BEGIN Exercise inputs
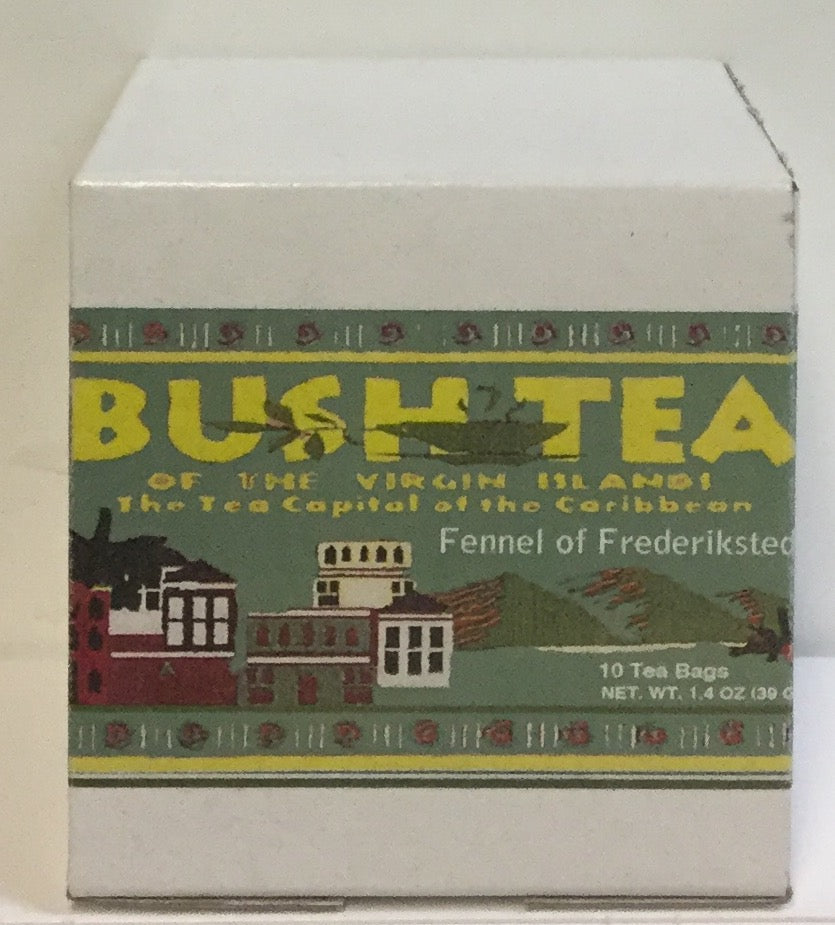 Fennel of Fredriksted Bush Tea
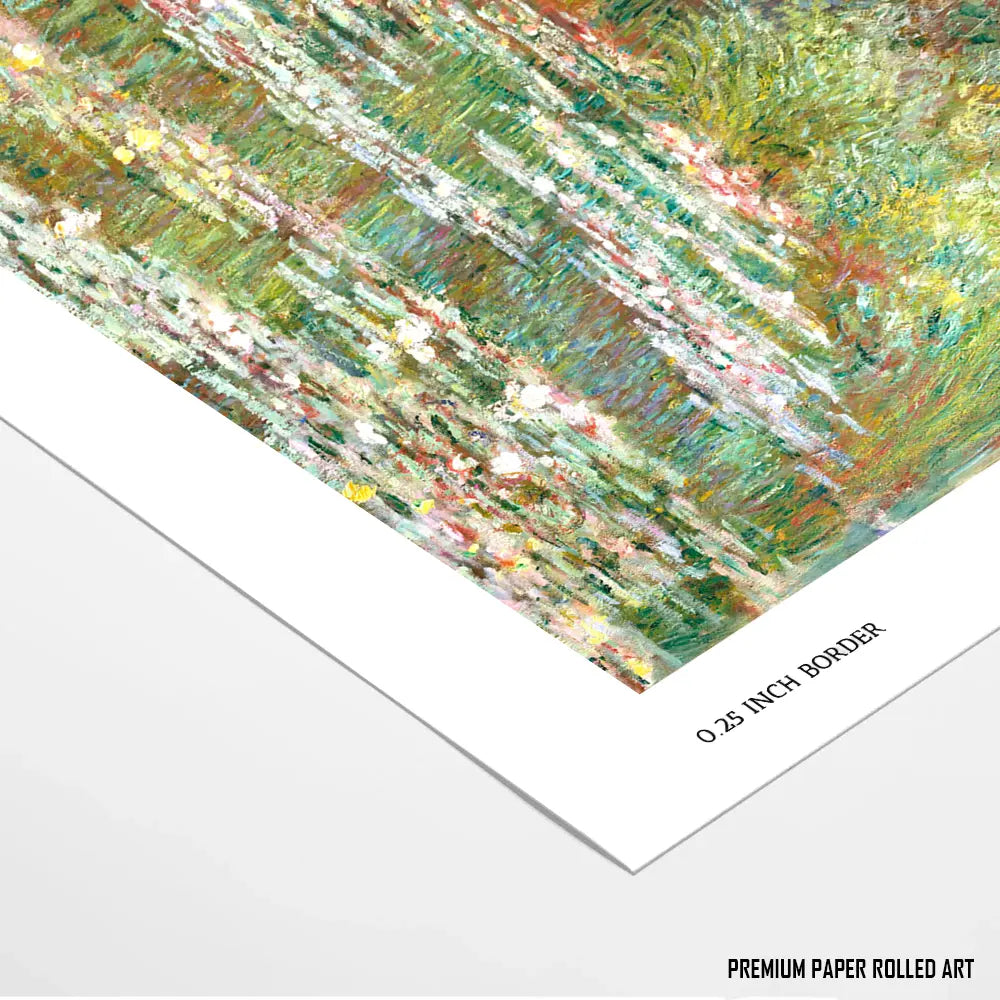 Water Lilies by, Claude Monet Art Painting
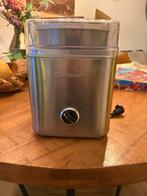 Cuisinart Ijsmachine - Compact & Handig, Ophalen of Verzenden, Gebruikt, Koelelement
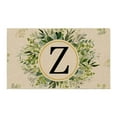 thumbnail image 1 of Decorative Area Rug 1Pcs Summer Floor Mats Letter Family Last Name Initial Doormat Summer Doormat Holiday Mats Welcome Door Mats Floor Carpet,Living Room Rug,Bedroom Rug,Non Slip Rug,Wool Rug,Cotton, 1 of 4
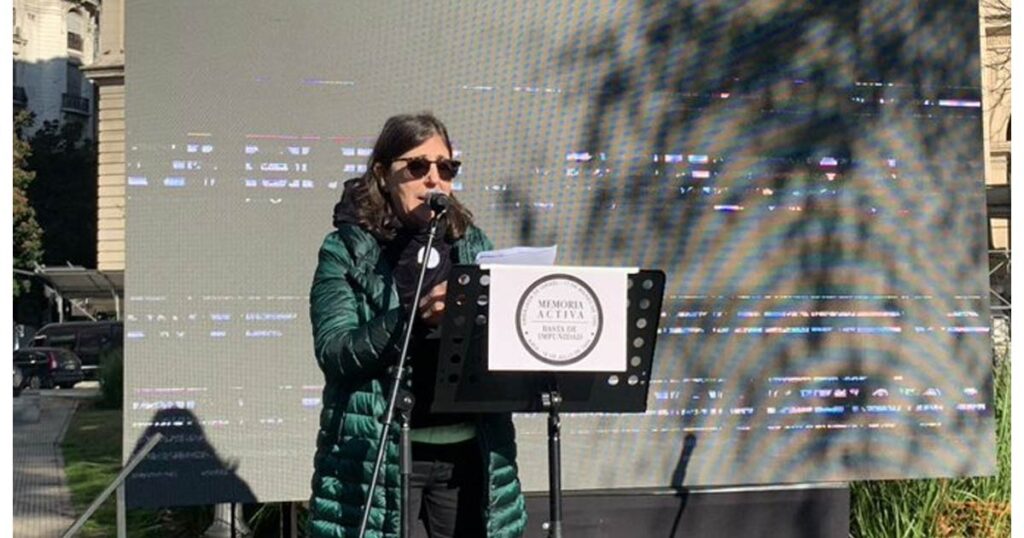 Discurso de Memoria Activa en el acto por el 30º aniversario del atentado a la AMIA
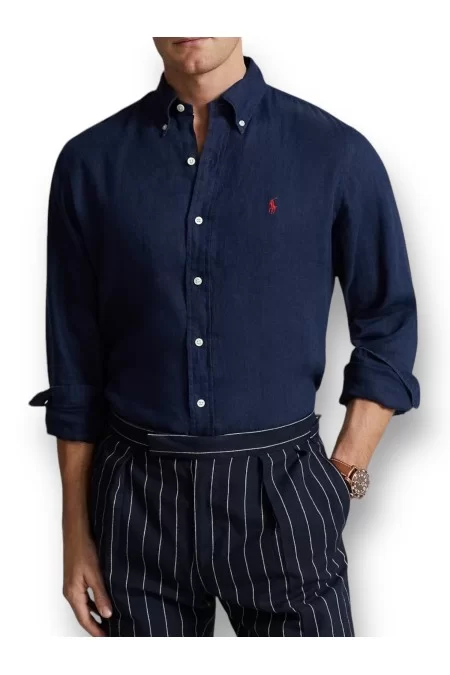 POLO RALPH LAUREN UOMO Camicia Uomo Polo Ralph Lauren Marchio Di Moda Maschile Con Qualità Premium E Stile Classico. Realizzata Con Tessuti Di Alta Qualità E Design Intramontabile. Per L\'uomo Che Ricerca Eleganza E Comfort Se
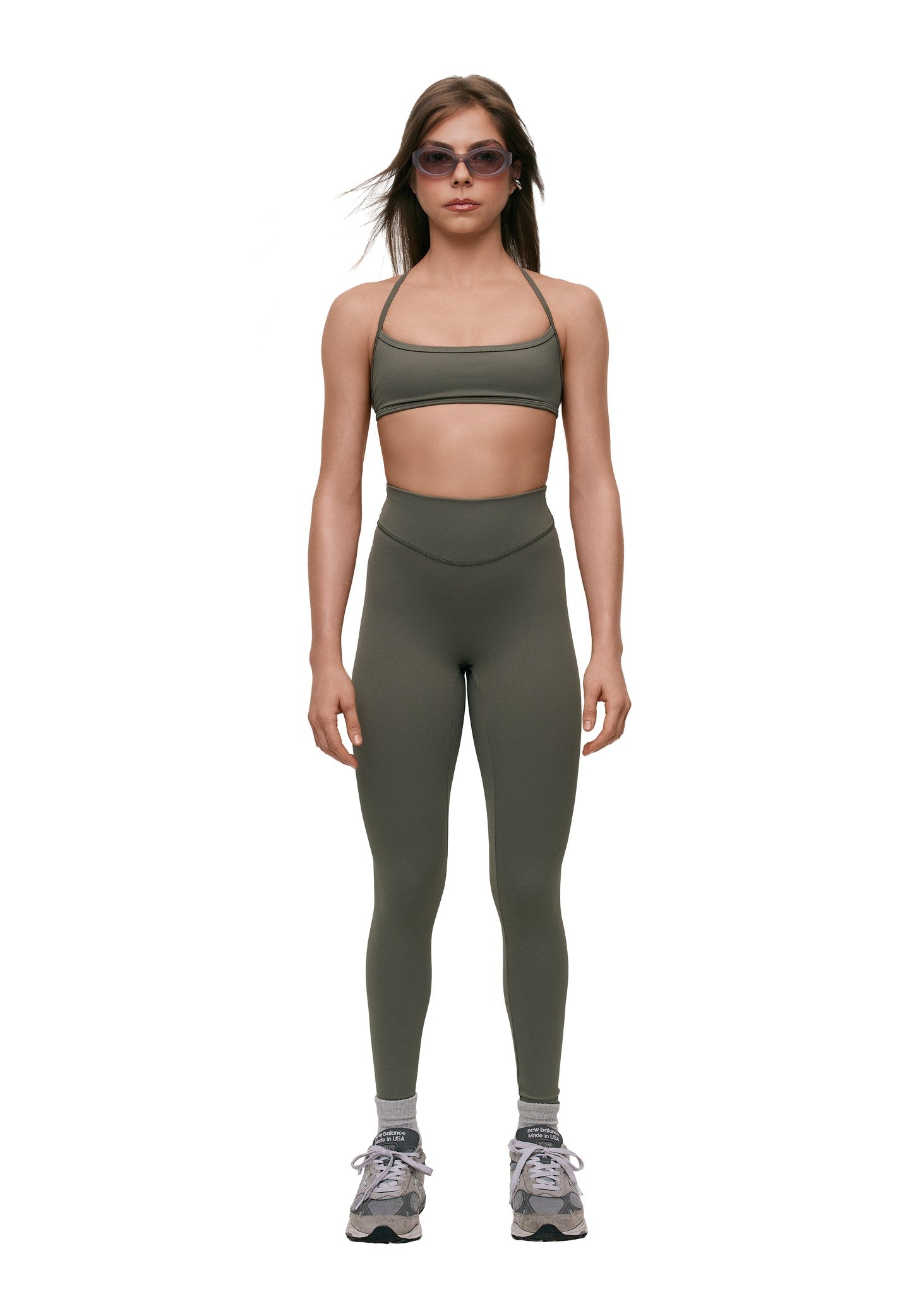 Minimal Sculpt Top Sage - foto 5
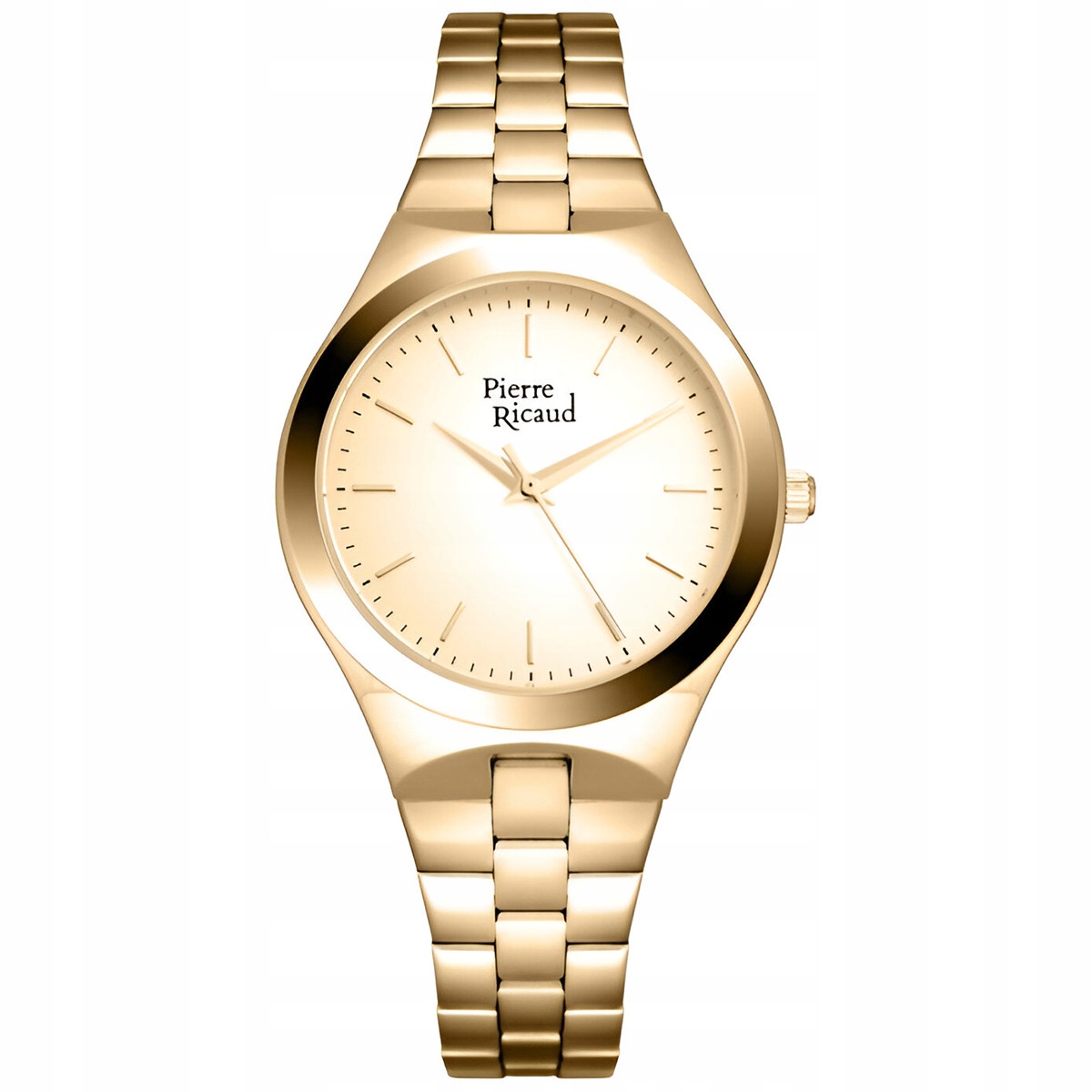 Dámské hodinky Pierre Ricaud P22054.1111Q zlaté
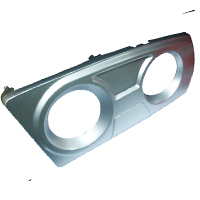 ACABAMENTO FAROL DE NEBLINA E MILHA LADO DIREITO IVECO STRALIS TODOS APOS 2008 (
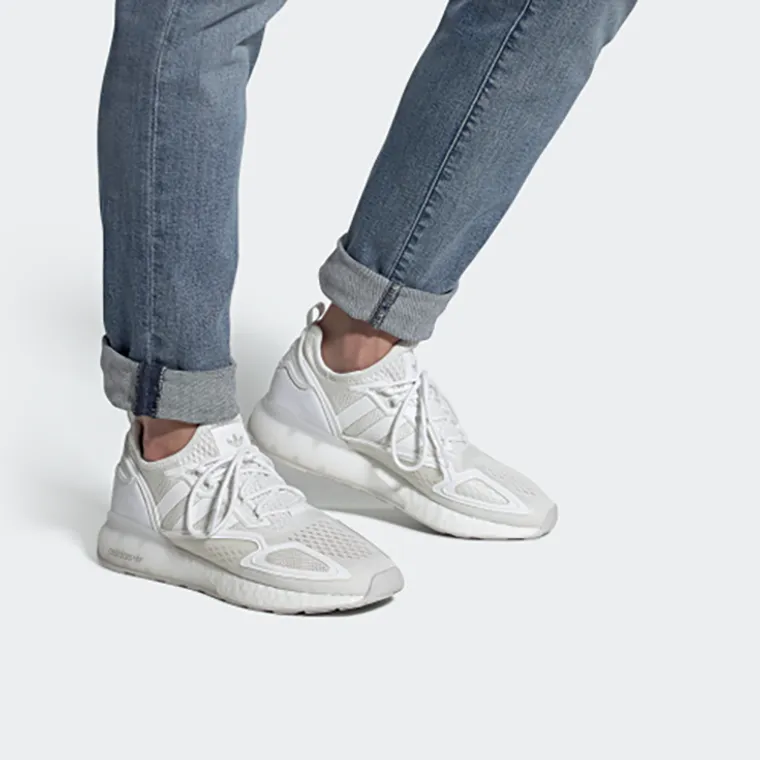 Adidas 2K Boost Triple White-6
END Exercise inputs
▶ [Exercise objective] Print every line of the material above exactly as it reads, skipping the pictures.

▶ [Answer to the problem]
 Fennel of Fredriksted Bush Tea
 Water Lilies by, Claude Monet Art Painting
 Cuisinart Ijsmachine - Compact & Handig, Ophalen of Verzenden, Gebruikt, Koelelement
 thumbnail image 1 of Decorative Area Rug 1Pcs Summer Floor Mats Letter Family Last Name Initial Doormat Summer Doormat Holiday Mats Welcome Door Mats Floor Carpet,Living Room Rug,Bedroom Rug,Non Slip Rug,Wool Rug,Cotton, 1 of 4
 Discurso de Memoria Activa en el acto por el 30º aniversario del atentado a la AMIA
 POLO RALPH LAUREN UOMO Camicia Uomo Polo Ralph Lauren Marchio Di Moda Maschile Con Qualità Premium E Stile Classico. Realizzata Con Tessuti Di Alta Qualità E Design Intramontabile. Per L\'uomo Che Ricerca Eleganza E Comfort Se
 Minimal Sculpt Top Sage - foto 5
 Dámské hodinky Pierre Ricaud P22054.1111Q zlaté
 ACABAMENTO FAROL DE NEBLINA E MILHA LADO DIREITO IVECO STRALIS TODOS APOS 2008 (
 Adidas 2K Boost Triple White-6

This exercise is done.